Le carbone présent dans notre corps a probablement quitté la galaxie avant de revenir

Et si le carbone dans notre corps avait voyagé bien au-delà des limites de notre galaxie avant de revenir pour contribuer à la formation de la Terre et, finalement, de nous-mêmes ? Une récente étude menée par une équipe de scientifiques américains et canadiens révèle en effet que les atomes de carbone, essentiels à la vie, ne se contentent pas de flotter passivement dans l’espace. Au contraire, ils suivent un cycle étonnamment actif, transportés par des courants cosmiques qui les éloignent de leur galaxie d’origine avant de les ramener pour participer à de nouvelles créations célestes. Ce mécanisme fascinant, surnommé le « tapis roulant cosmique », joue un rôle crucial dans le recyclage des éléments forgés par les étoiles.

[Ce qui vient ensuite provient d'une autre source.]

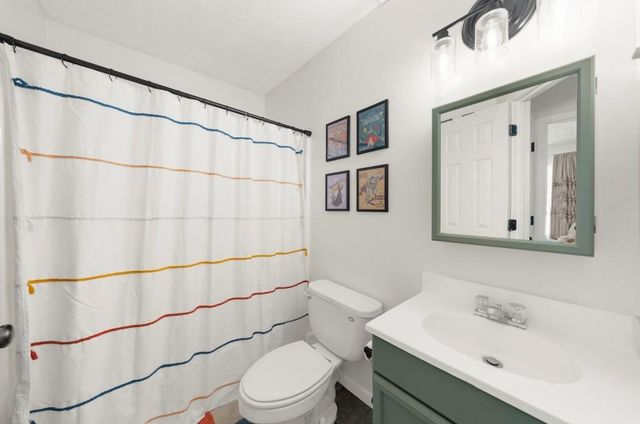 503 E Lake Court, Woodstock, GA 30188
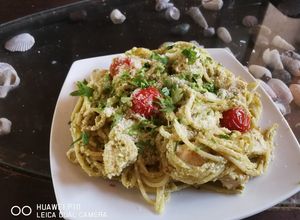Una foto de Pasta de pesto de pollo al ajo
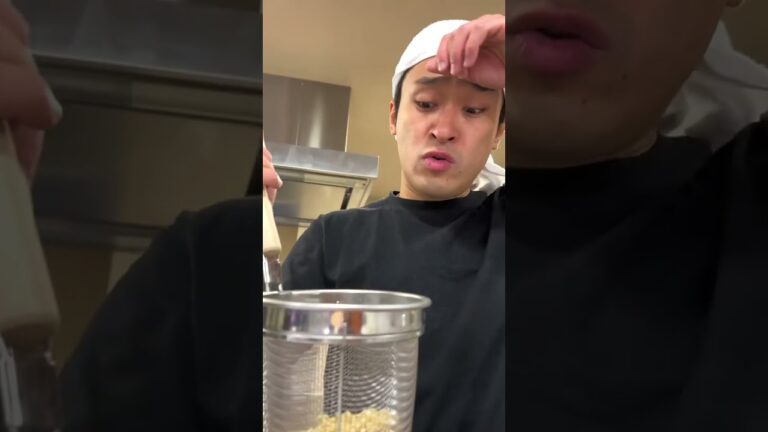 Fantastic Ramen 湯切り…🍜 #shorts #trending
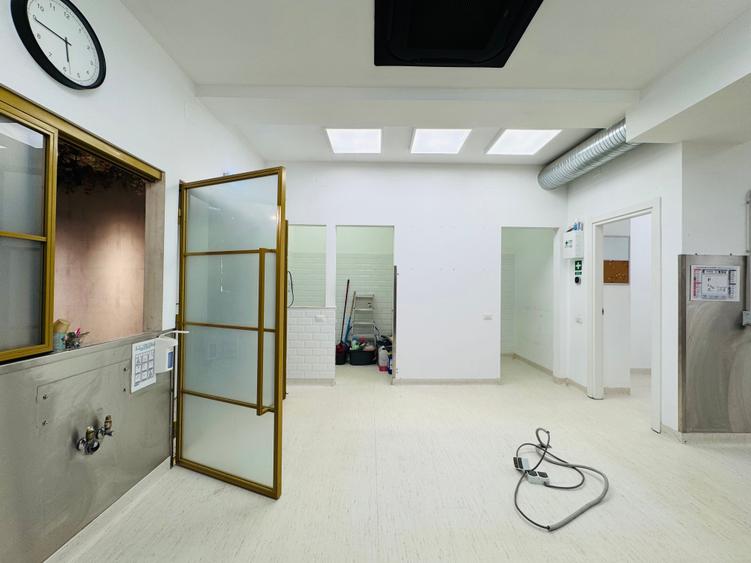 Spațiu comercial / Laborator cu hota + terasă + parcare / Oportunitate - 11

Le carbone, un héritage des étoiles

Le carbone est au cœur de toute vie sur Terre. Mais son existence ne serait pas possible sans les étoiles, les véritables forges de l’univers. Contrairement à l’hydrogène et l’hélium, qui sont présents depuis les premiers instants du cosmos, les éléments lourds comme le carbone, l’oxygène et le fer sont créés au sein des étoiles par des réactions de fusion nucléaire.

Lorsque ces étoiles arrivent en fin de vie, elles libèrent ces éléments dans l’espace par des explosions massives appelées supernovae. Ces événements spectaculaires dispersent alors des atomes dans le cosmos, créant les « briques fondamentales » nécessaires à la formation de nouvelles étoiles, planètes et même formes de vie.

Sur Terre, le carbone est présent partout : dans notre corps, dans les plantes, dans l’atmosphère. Mais son histoire remonte bien plus loin que notre planète. Grâce à cette nouvelle étude, nous savons désormais qu’avant de rejoindre la Terre, une grande partie de ce carbone a voyagé bien au-delà des limites de la Voie lactée.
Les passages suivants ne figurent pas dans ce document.